The intention was revealed along the sidelines of a meet with Egypt’s Trade Minister and Minister and Investment, Amr Nassar and Sahar Nasr, respectively, to discuss fresh investment opportunities between the countries, in the wake of repeated collaborations.
Arguably, the United Kingdom is already one of the largest investors in the North African country.
Sahr, in an April discussion with the U.K. Department for International Development Permanent Secretary, Matthew Rycroft, did mention that the 1,816 U.K. companies operating in Egypt have a total investment of USD 46 Bn in the country – no investor else comes that close.
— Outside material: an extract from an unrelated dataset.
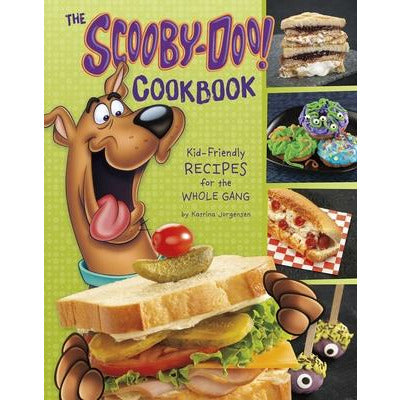 The Scooby-Doo! Cookbook: Kid-Friendly Recipes for the Whole Gang by Katrina Jorgensen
Notwithstanding these impressive figures, Sahr pushed for more strategic collaboration between both countries.
Per a May 18 released statement from Egypt’s Chamber of Commerce, British investments in the country had reached USD 5.6 Bn via implementing projects.
Revealed by the Minister of Industry and Foreign Trade, Tarek Kabil, the information was hotted on by an emphasis on the essence of enhancing strategic partnerships between Egypt and Britain.
February 2018, the U.K. trade envoy to Egypt, Jeffrey Donaldson arrived in Cairo, marking the largest British trade delegation to the North African country in almost two decades.
The five-day visit, according to the British Embassy in Cairo, was aimed at improving the sectors of oil, gas, education, infrastructure, and health in the “cradle of civilization.”
All looking for investment opportunities in Egypt, the delegation comprised 33 companies from the Scottish Development International, six companies from the Energy Industries Council, 14 companies from the transport and healthcare sectors and four firms hugely focusing on the education sector. The 50-plus companies included repeat investors such as Bombardier, Mott MacDonald, and GlaxoSmithKline, as well as first-time investors.
Since 2011, British firms such as the CDC Group, Unilever Group, and B.P., have pumped funds to the tune of USD 30 Bn in a range of essential projects across the Arab Republic of Egypt. The investments have spanned drug manufacturing, solar energy, financial services, and telecommunications, among others.
The strategic partnership between the two countries, is in part, in the light of studying their future relationship regarding Brexit. The amalgam of the words “British” and “exit,” Brexit describes the withdrawal of the U.K. from the European Union, introduced by a vote by the British electorate to leave the body with a percentage of 51.9.
Given the nature of investments already on ground in Egypt, and also in its neighboring countries, the U.K’s vision to become the largest investor in North Africa by 2022 is achievable. Case in point, Egypt is the most populated Arab country in the Middle East and the third most populous in North Africa.
However, Prime Minister Theresa May is to step down next month as per unyielding efforts to deliver Brexit. Regardless, Brexit or not, Egypt remains Britain’s strongest ally in Africa.
The investments so far have contributed to the development of the North African country’s economy, currently expected to be at USD 270 Bn this quarter.